# WHAT YOU ARE ASKED TO DO:
In your copy of the data, include no pictures and alter nothing else.

(Image-text web data)
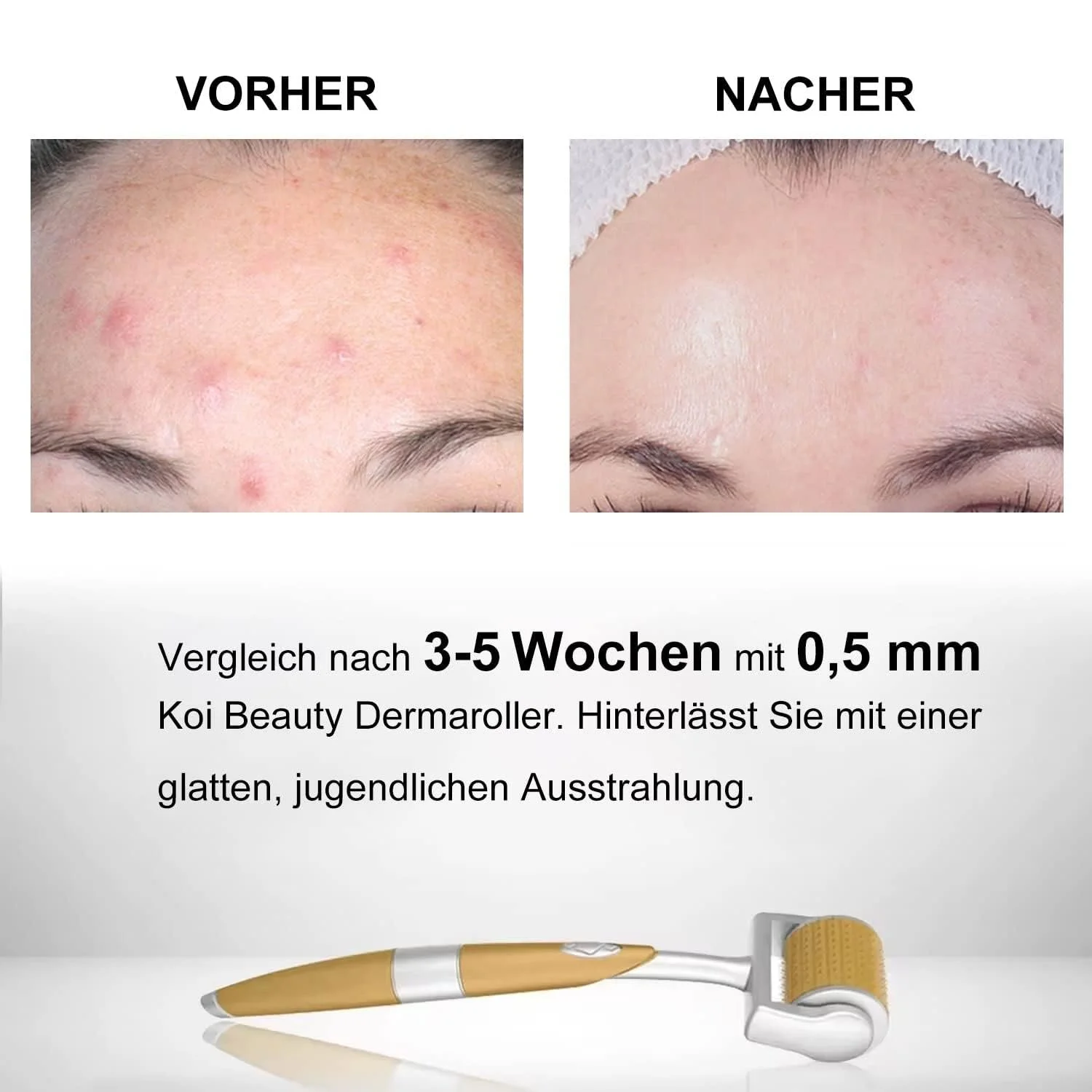 Дермаролер Koi Beauty 0,5 мм, 192 голки, фото №4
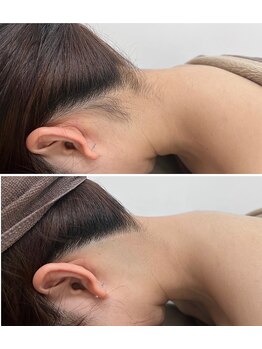 ミース 江坂店/うなじ●ビフォーアフター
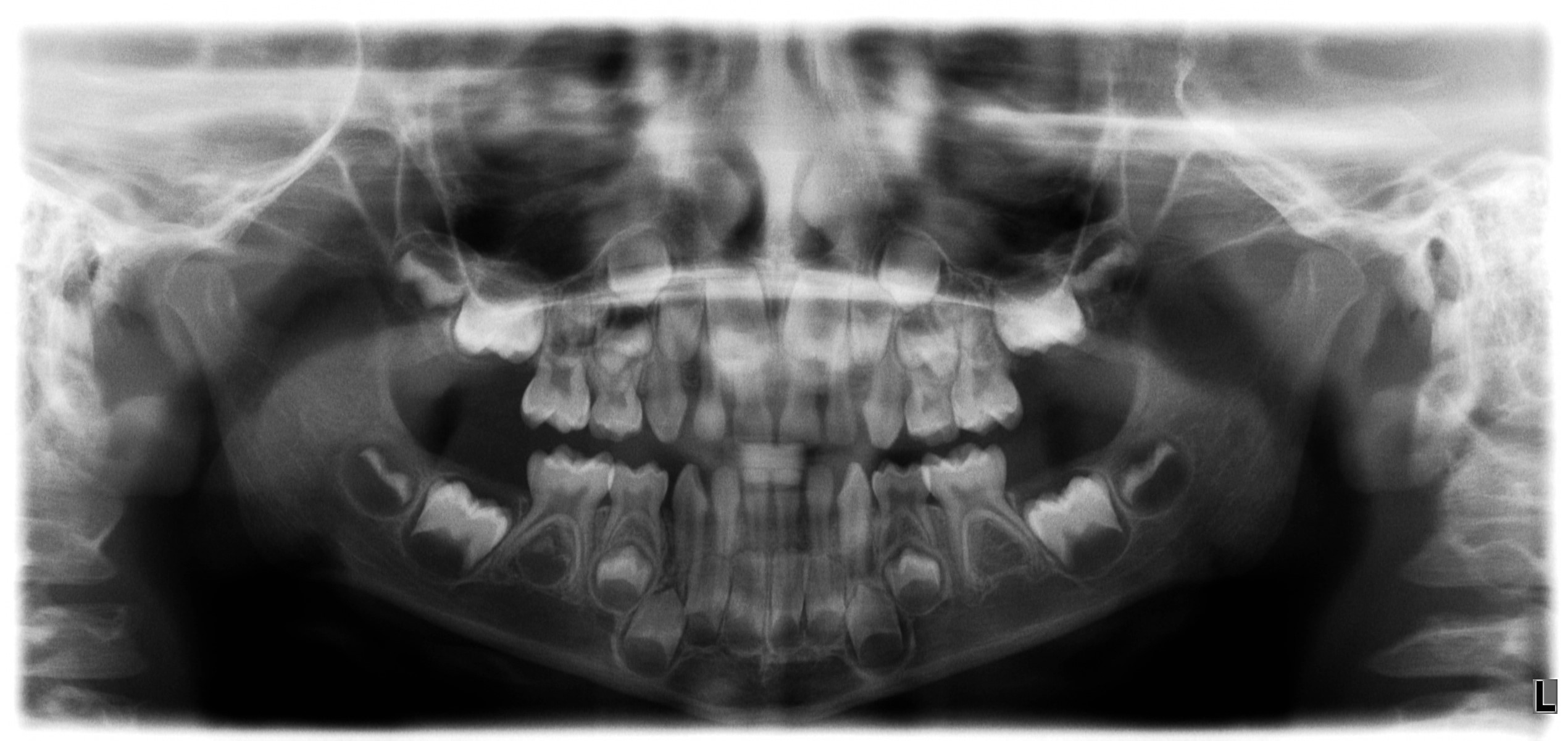 panoramic x-ray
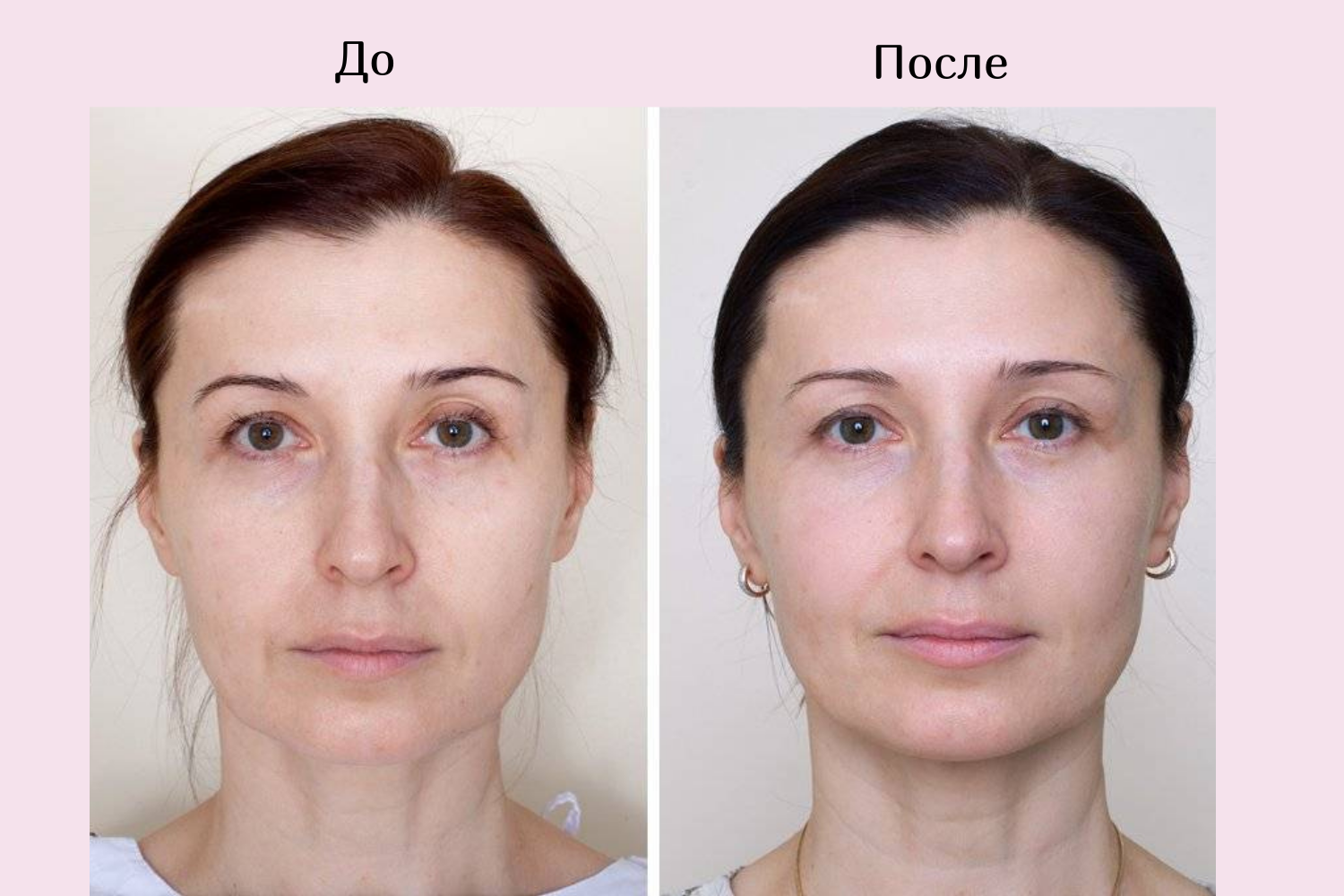 Тонирование лица косметология фото до и после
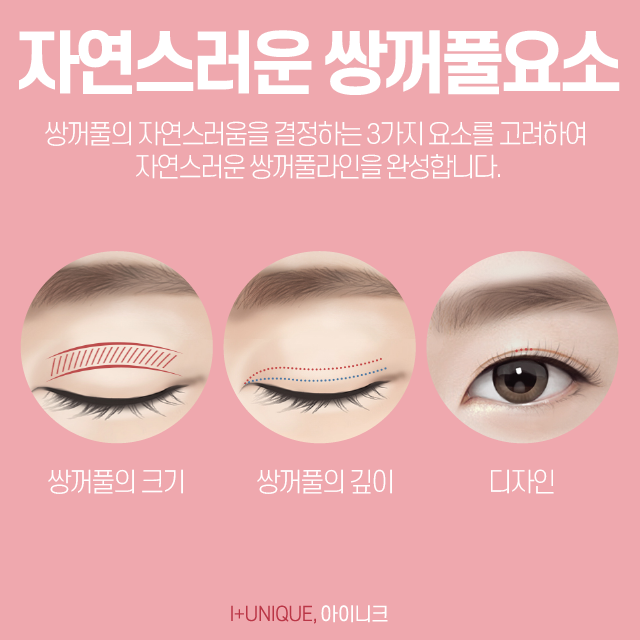 강남쌍커풀수술을 생각하고 있다면 신중하게 결정해야 하는 이유 관련 이미지 3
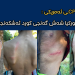 رێكخراوی CPTـی ئەمریكی : سەربازانی توركیا شەش گەنجی كورد ئەشكەنجە دەده‌ن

# EXPECTED OUTPUT:
 Дермаролер Koi Beauty 0,5 мм, 192 голки, фото №4
 ミース 江坂店/うなじ●ビフォーアフター
 panoramic x-ray
 Тонирование лица косметология фото до и после
 강남쌍커풀수술을 생각하고 있다면 신중하게 결정해야 하는 이유 관련 이미지 3
 رێكخراوی CPTـی ئەمریكی : سەربازانی توركیا شەش گەنجی كورد ئەشكەنجە دەده‌ن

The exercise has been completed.